In general, I think much of the problem is outside the area of "fundamentalist
beliefs supported by the Bible" and very much more into "cultural prejudices
supported by a puritan tradition". This is not made any better by the main
cultural prejudices concerning comics (both in the US and I guess in all of
Scandanivia, at least in Norway), such as
1) They are for children and those in their early teens only
2) They should be sound and harmless and confirm in every part to the
American way of life
3) They can't - and shouldn't if they could - deal with serious issues like
life and death (and what comes after)
Dwight wrote:
>The lady seemed sincerely convinced that if children saw
>witches in popular media like comic books, they would be
>softened up for any Satanist recruiters who came by.
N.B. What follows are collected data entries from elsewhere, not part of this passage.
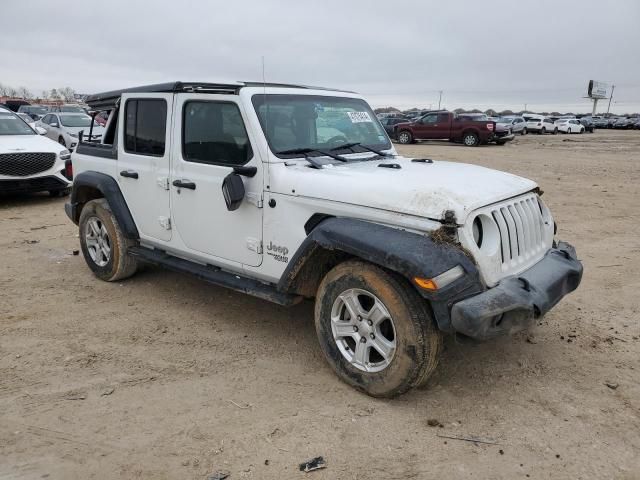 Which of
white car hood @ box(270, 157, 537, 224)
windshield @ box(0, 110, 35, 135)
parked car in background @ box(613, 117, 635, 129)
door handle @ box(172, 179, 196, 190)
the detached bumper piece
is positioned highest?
parked car in background @ box(613, 117, 635, 129)

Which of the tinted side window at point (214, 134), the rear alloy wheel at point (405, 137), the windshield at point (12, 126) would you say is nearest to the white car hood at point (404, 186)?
the tinted side window at point (214, 134)

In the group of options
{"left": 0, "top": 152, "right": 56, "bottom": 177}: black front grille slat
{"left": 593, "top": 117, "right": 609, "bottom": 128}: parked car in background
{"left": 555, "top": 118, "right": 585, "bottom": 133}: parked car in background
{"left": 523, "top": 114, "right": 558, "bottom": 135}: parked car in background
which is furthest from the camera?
{"left": 593, "top": 117, "right": 609, "bottom": 128}: parked car in background

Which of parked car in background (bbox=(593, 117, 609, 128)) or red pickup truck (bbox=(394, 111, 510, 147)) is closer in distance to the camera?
red pickup truck (bbox=(394, 111, 510, 147))

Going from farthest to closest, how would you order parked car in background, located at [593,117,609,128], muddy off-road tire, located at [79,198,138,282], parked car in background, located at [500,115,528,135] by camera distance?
parked car in background, located at [593,117,609,128] < parked car in background, located at [500,115,528,135] < muddy off-road tire, located at [79,198,138,282]

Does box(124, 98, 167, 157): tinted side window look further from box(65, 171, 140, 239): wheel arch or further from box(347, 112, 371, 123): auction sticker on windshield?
box(347, 112, 371, 123): auction sticker on windshield

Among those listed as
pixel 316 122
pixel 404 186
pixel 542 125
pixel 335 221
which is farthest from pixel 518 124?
pixel 335 221

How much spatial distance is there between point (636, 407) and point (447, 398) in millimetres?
1119

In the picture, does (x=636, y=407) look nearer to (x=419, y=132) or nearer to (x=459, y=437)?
(x=459, y=437)

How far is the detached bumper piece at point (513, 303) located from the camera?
8.84 ft

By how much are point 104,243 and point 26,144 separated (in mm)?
5446

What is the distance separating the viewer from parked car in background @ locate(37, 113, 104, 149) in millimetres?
15469

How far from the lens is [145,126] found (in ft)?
15.0

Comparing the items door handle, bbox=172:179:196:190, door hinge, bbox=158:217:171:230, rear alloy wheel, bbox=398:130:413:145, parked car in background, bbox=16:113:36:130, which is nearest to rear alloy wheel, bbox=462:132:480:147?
rear alloy wheel, bbox=398:130:413:145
It always puzzles me when someone seems to mean that witches (or other
beings into or of the supernatural) could influence anyone negatively, just
by being shown. Had they been shown as neat and nice ladies I could
have understood it better, however it's long and far between positive
portrayals of witches, ghouls, demons or pagan gods in literature. And
when they are shown as good they seldom convinces anyone, although in
children's literature there has been some nice kid vampires lately, without
vampirism growing much in Norway.
> I exchanged a couple of letters with a fundamentalist Christian fan
>who was extremely upset about pagan goddesses appearing
>in a comic book he wanted to like...
How sad! He wil be missing a lot if not being able to enjoy Sandman, Lord
of The Rings, Silmarillion, the Narnia series, the Dive Comedy, Arabian
Knights or Norwegian Fairy Tales (highly recommended!) to mention but a few
> This is my comic book and what I say goes. And what I say is that
>she's a goddess. I almost hated to disappoint the guy, since he was
>trying so hard to like my modest little funnybook, but I can't please
>everybody.
>And Don Rosa doubtless feels the same way, so there you have it!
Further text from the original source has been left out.